*The problem*.
In the material below, find the line with "Looking at the"; set down that line and every line after it to the end, exactly, without pictures.
#### Stored data
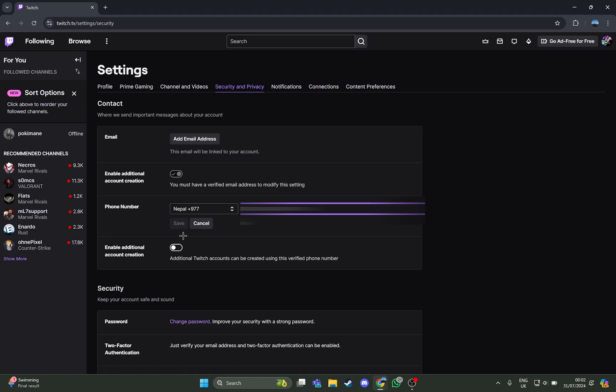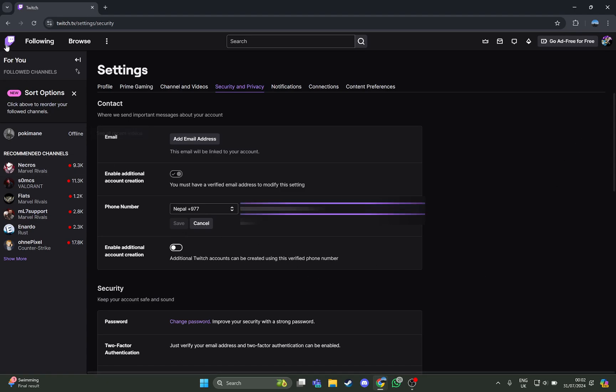A notification or the OTP code will go to your phone number. From there, you just have to enter the code and your number has been changed. That's how you change the phone number on Twitch using the PC or laptop.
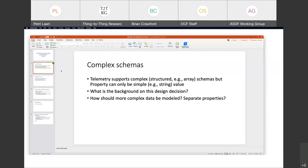Looking at the spec, it says the schema may not be an array, nor any complex schema that contains an array. So it's really the array that is the key restriction. There's no design reason for that — it was just the ability to properly support that in our backing services. We're working on allowing arrays in properties.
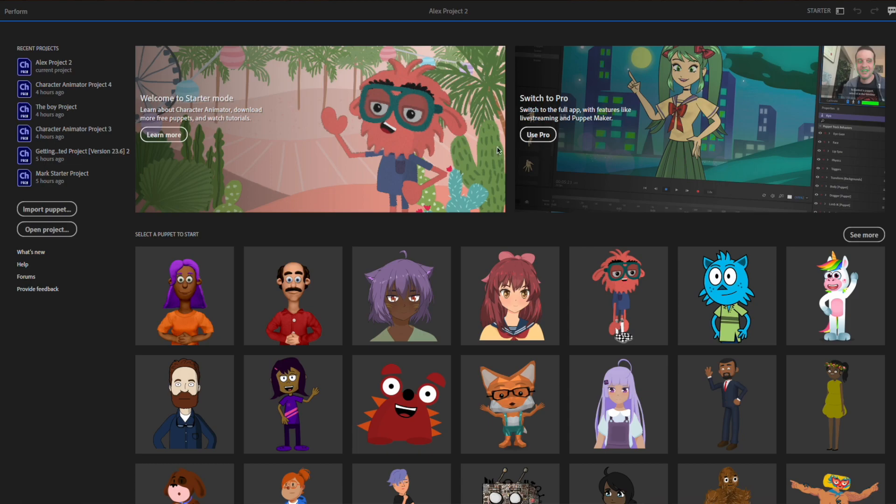In starter mode, you can use pre-existing characters or import your own puppet. But I wanted to make my own puppet, so I headed to pro mode and clicked on Puppet Maker.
########
*Expected output*.
Looking at the spec, it says the schema may not be an array, nor any complex schema that contains an array. So it's really the array that is the key restriction. There's no design reason for that — it was just the ability to properly support that in our backing services. We're working on allowing arrays in properties.
In starter mode, you can use pre-existing characters or import your own puppet. But I wanted to make my own puppet, so I headed to pro mode and clicked on Puppet Maker.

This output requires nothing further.